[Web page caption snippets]
★ ★ ★

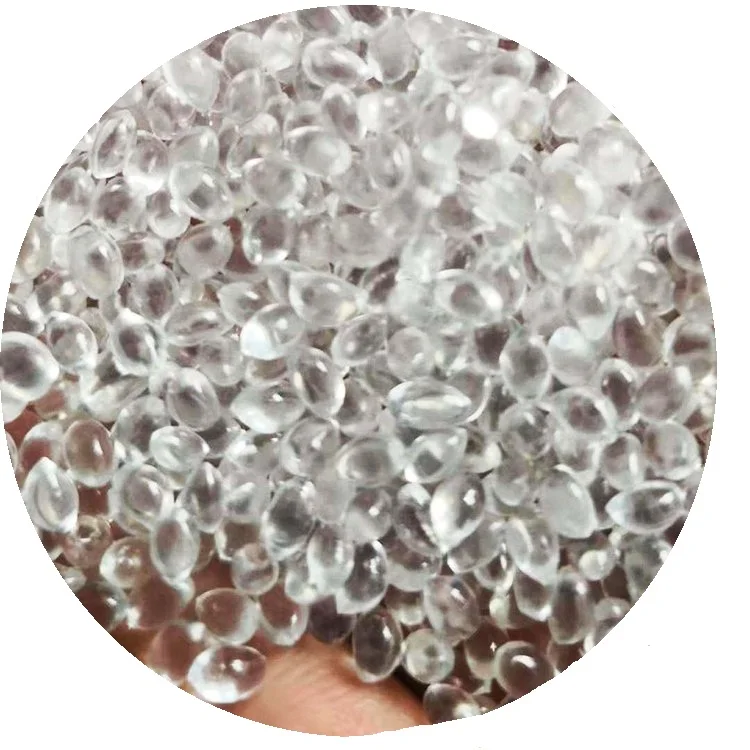 Hot Sale Virgin Plastic Natural High Rigidity Strong Carrying Capacity Tpu Particles for Shoes And Plastic Products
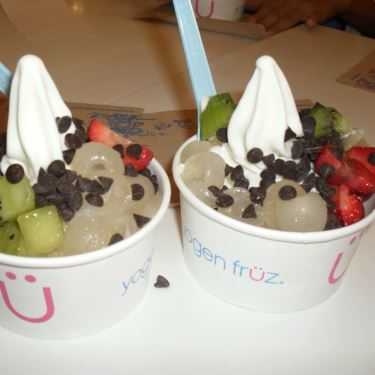 Món ăn- Cafe IYO Frozen Yogurt - UnionSquare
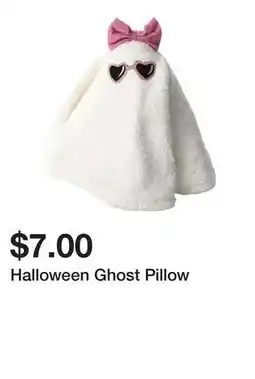 Five Below Halloween Ghost Pillow offer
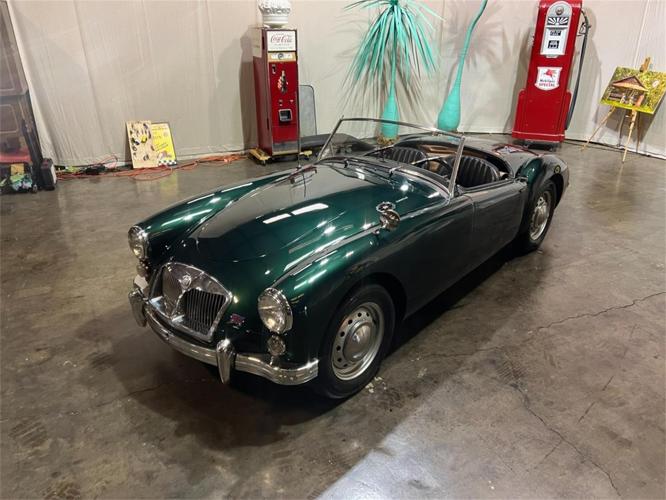 1961 mg mga in atlanta, georgia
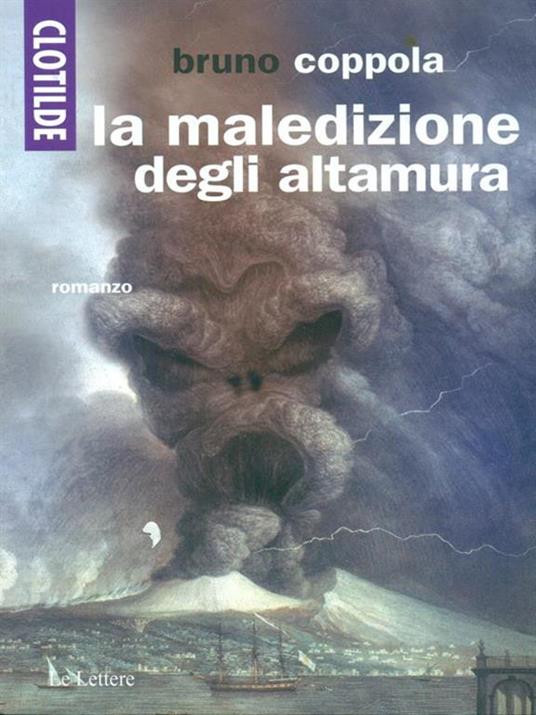 Clotilde e la maledizione degli Altamura - Bruno Coppola - copertina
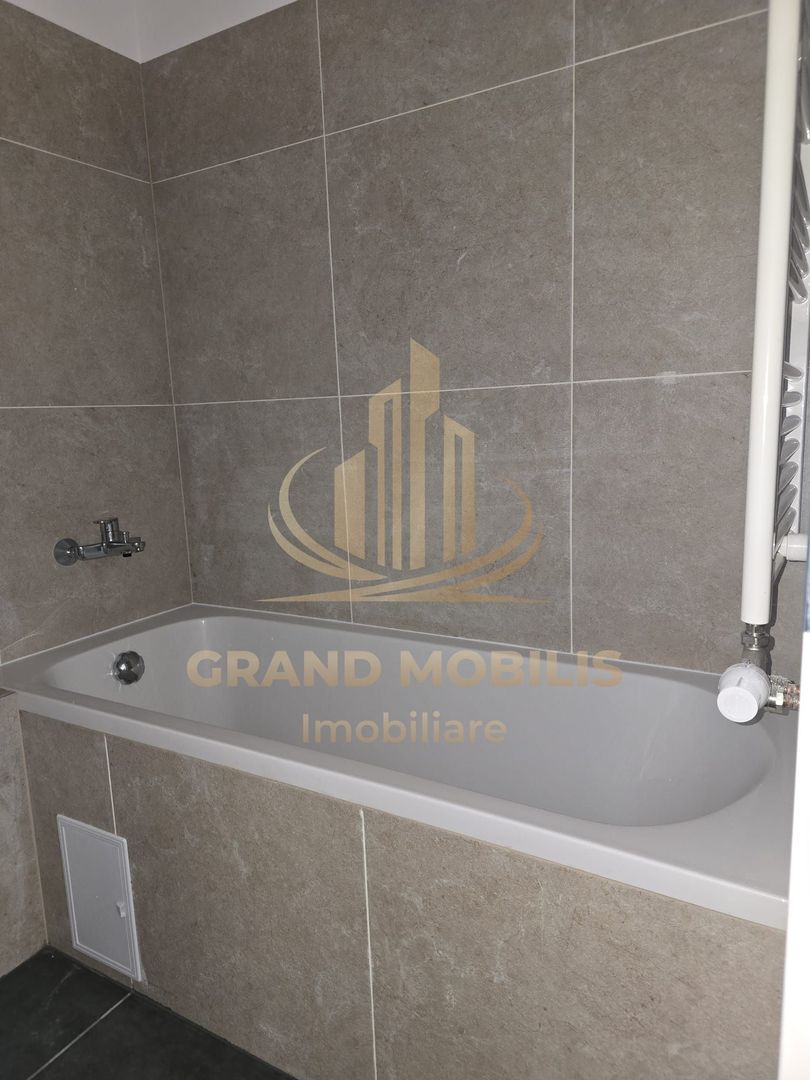 Apartament 2 camere, 55 mp, curte proprie 23 mp și parcare subterană - imaginea 11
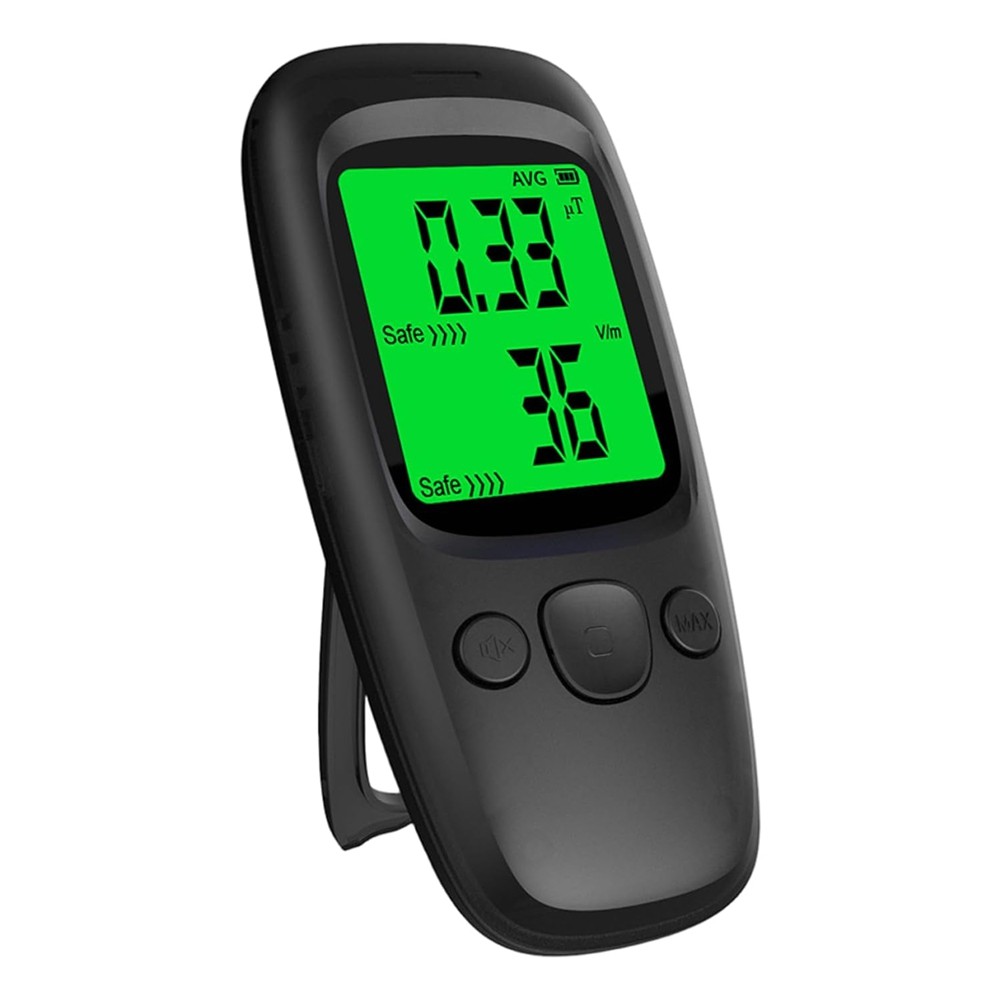 Nuclear  Detector LCD Display Geiger Counter  Detector with Average/ Mode4452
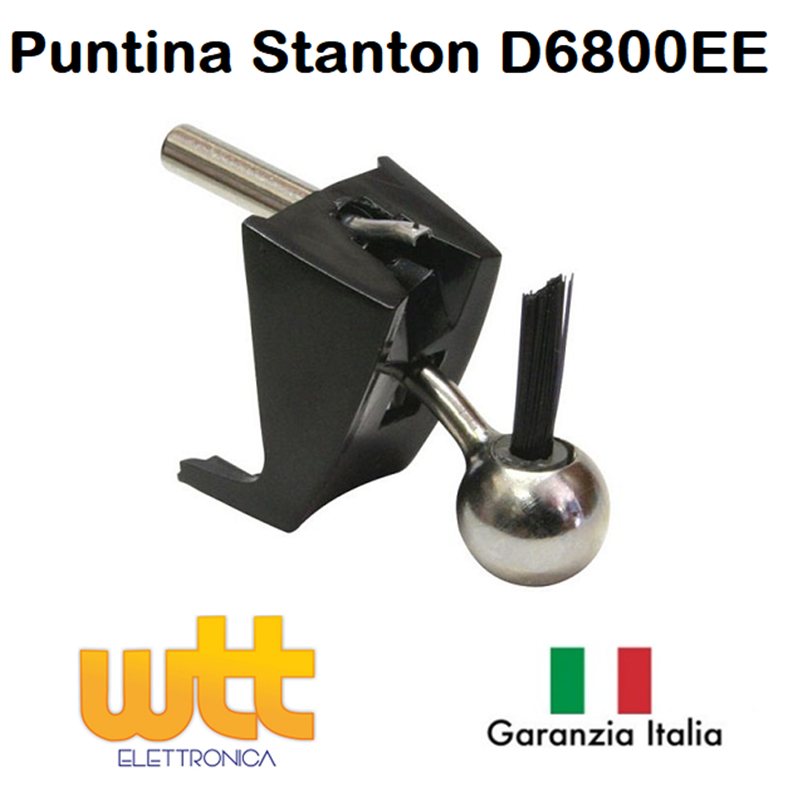 Puntina di ricambio giradischi PER STANTON D680 4DQ D6800EE D6807 D6810 D73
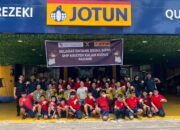 Jotun Flagship Store Kusuma Rezeki Dikunjungi Puluhan Siswa-siswi SMP Kristen Kalam Kudus Padang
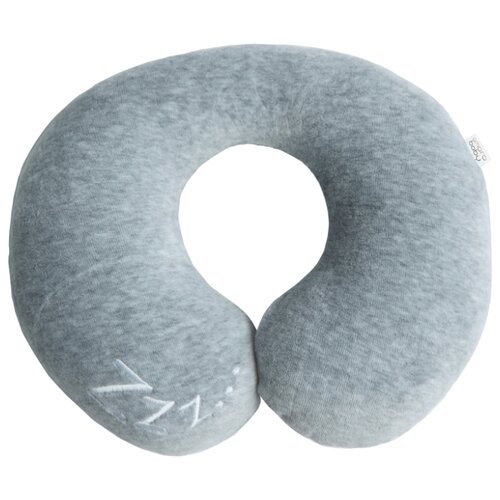 фото Подушка для шеи amarobay soft bagel серый amarobaby
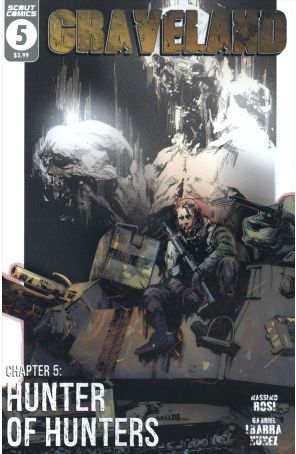 Graveland 5 published by Scout with cover art by Gabriel Ibarra Nunez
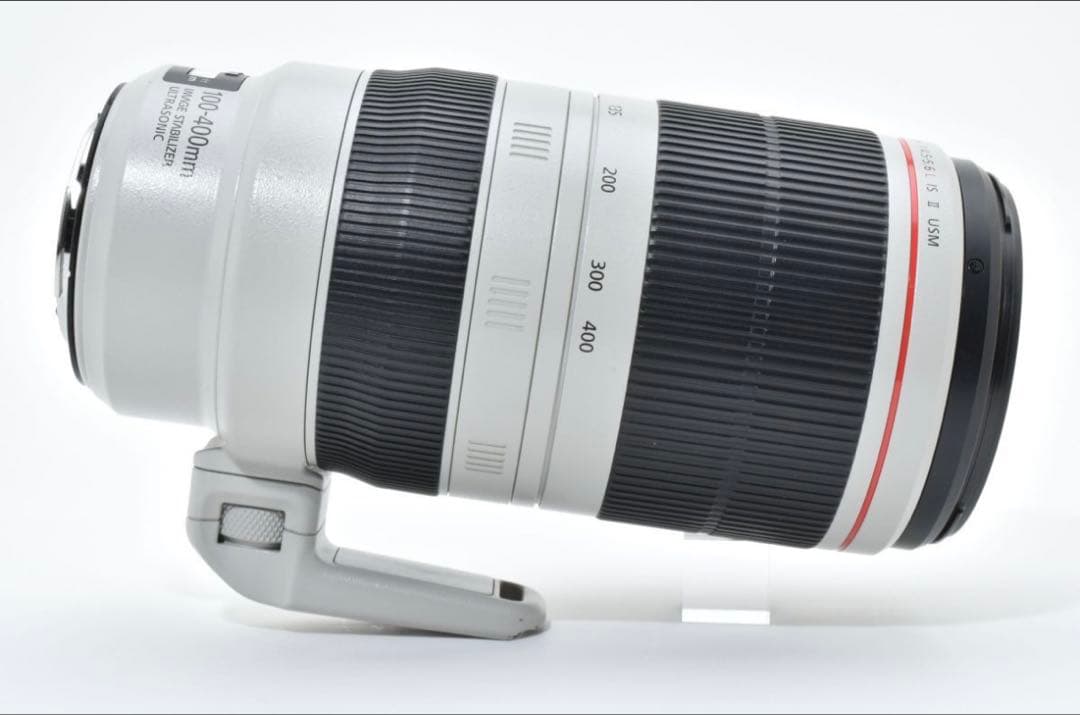 極美品Canon EF100-400mm f4.5-5.6L IS Ⅱ USM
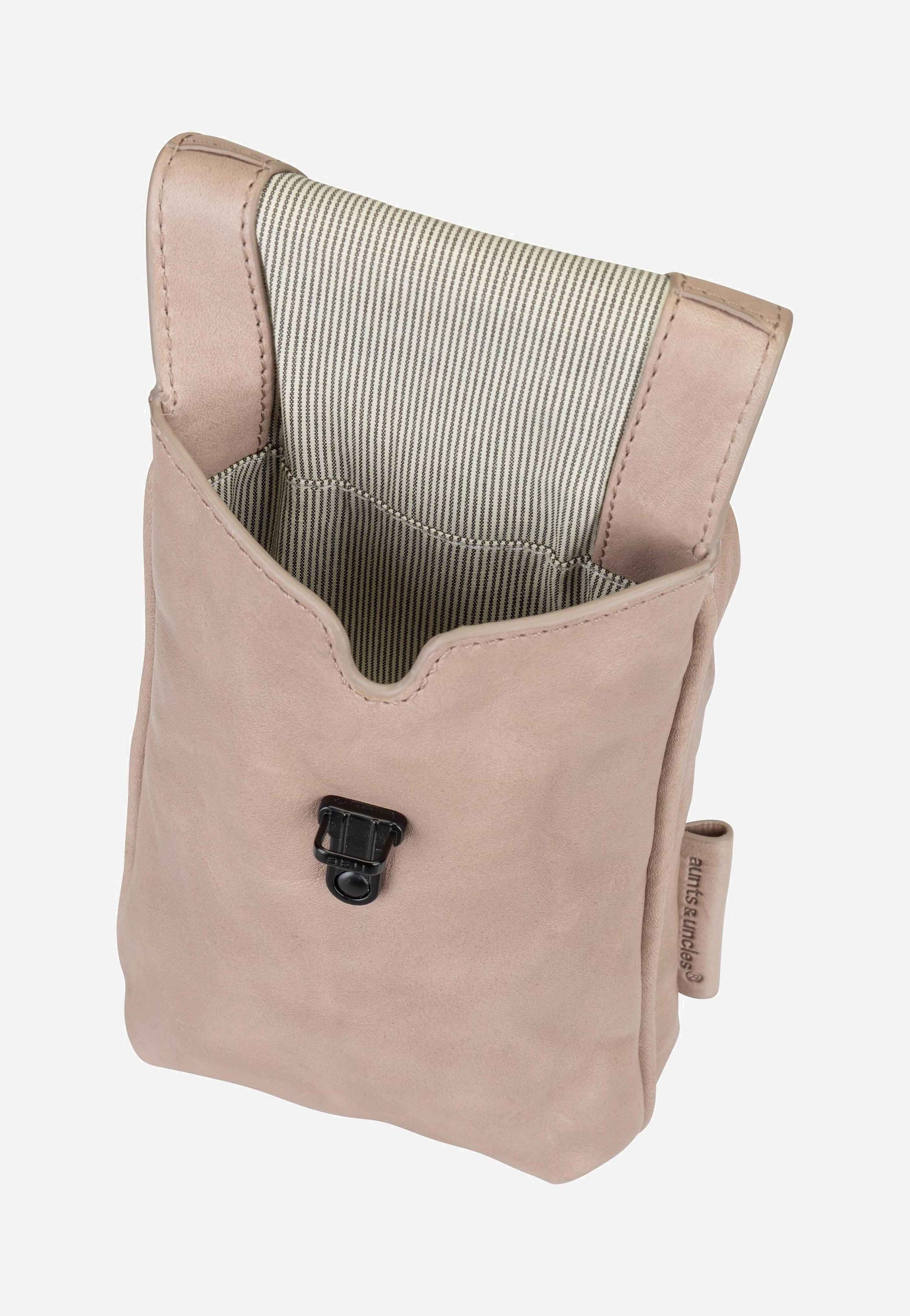 aunts & uncles - Mrs. Lemon Twist Vintage Khaki - Phone Pouches | Women-Image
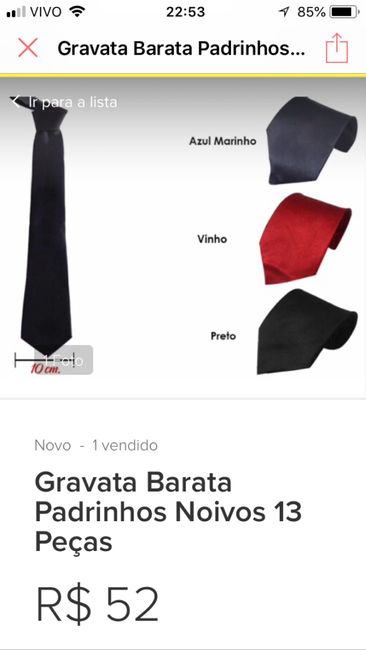 Gravatas dos padrinhos !!! Economizei muito !! - 1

★ ★ ★

* [Task instructions]
I would like you to set down the lines above, from the one containing "1961 mg mga in atlanta, georgia" to the final line, exactly as written and without pictures.

* [Task response]
 1961 mg mga in atlanta, georgia
 Clotilde e la maledizione degli Altamura - Bruno Coppola - copertina
 Apartament 2 camere, 55 mp, curte proprie 23 mp și parcare subterană - imaginea 11
 Nuclear  Detector LCD Display Geiger Counter  Detector with Average/ Mode4452
 Puntina di ricambio giradischi PER STANTON D680 4DQ D6800EE D6807 D6810 D73
 Jotun Flagship Store Kusuma Rezeki Dikunjungi Puluhan Siswa-siswi SMP Kristen Kalam Kudus Padang
 фото Подушка для шеи amarobay soft bagel серый amarobaby
 Graveland 5 published by Scout with cover art by Gabriel Ibarra Nunez
 極美品Canon EF100-400mm f4.5-5.6L IS Ⅱ USM
 aunts & uncles - Mrs. Lemon Twist Vintage Khaki - Phone Pouches | Women-Image
 Gravatas dos padrinhos !!! Economizei muito !! - 1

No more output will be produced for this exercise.